Your values are the bedrock that inform your sense of comfort in every area of your life. If you work with people who are competitive, who always want to be noticed for what they do, who don’t give others credit for their part in a project and your value is more for teamwork and sharing, then you will always be unhappy. If your workplace environment reeks of disrespect toward others, from condoning ethnic jokes to discriminating against whom they promote, and your values are strongly egalitarian, you’re going to be disgruntled.
If financial uncertainty has put you in an employment crisis, now is the time to consider carefully what you value most, what you do not want to do without in the next work phase of your life. It might entail finding a new employer, working to change the values implicit in your present employment, or starting your own business where you can attempt to express your values daily.
Here are a few of the values you might discover about yourself once you’ve completed one of the assessments referred to above. Although you might not have done so before, now that you know which values matter for you, you are in a better position to seek out or create a workplace that honors these values. You might have a strong need for:
- Helping others
- Freedom to experiment
- Camaraderie with workmates
As you work on knowing yourself better, you’ll be able to flag the situations that conform to your values and those that don’t. Your values inform everything you do, but they are often implicit, hidden, automatic, so that they might not easily come to your mind. The more you can bring them out of the realm of the unconscious and make them front and center, you’ll be able to judge to what extent a new job or career or workplace will give you fulfillment, energy, and enthusiasm.
Even though most of our values were developed early on in life and come from what we absorbed from family, we are capable of changing our values. Sometimes, those values are imbedded in childhood experiences that no longer are valid today. Especially if you’ve encountered a crisis, such as an unexpected layoff, you might be tempted to backslide into your old value of wanting security at any cost. Or, you might recognize that other values are beckoning you. Crisis provides opportunity – you’ve heard that said. It provides opportunity if you allow yourself to be open to change. What values beckon to you as you imagine yourself in your next work situation? Perhaps security and making money were crucial during the years you were bringing up children and putting them through college, but if that need has passed, maybe you’re more inclined to value freedom, flexibility, challenge, or learning now.

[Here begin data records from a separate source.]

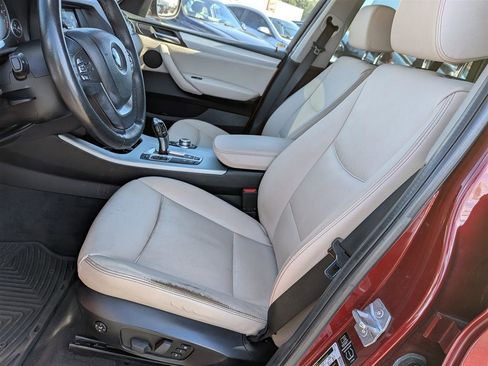 Used 2014 BMW X3 xDrive35i image 14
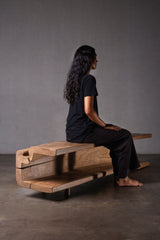 Cahaya Console Bench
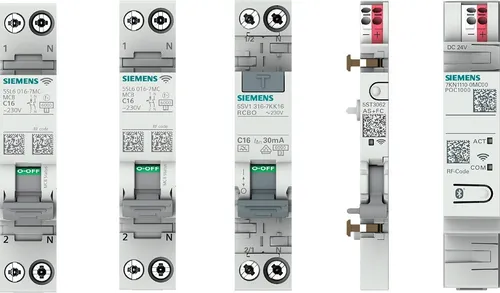 Produktbild Siemens Dig.Industr. Bundle 2 7KN1110-0XC02 Sonderartikel 7KN11100XC02 Bundle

Finally, here are some questions that the University of Minnesota Career Center publishes that will help to focus your attention on what your values are regarding work. It is helpful to keep a journal through this self-discernment process and record the responses to these questions.
1. Would you work if you didn't have to? Why? Why not?
2. In what kinds of work situations would you work harder than you ordinarily do?
3. Are there situations where you would work for less than normal pay? What would be the compensating rewards?
4. If you could use your work to indulge in your favorite form of play, what would you be doing?
5. What activities do you pursue when you have completely free time with no obligations?
6. If you were free to schedule your working time any way you like within a 7 day week, what would your calendar look like?
7. People who work with me think that I am..............
8. What conflicts or discrepancies do you see between your values and your work?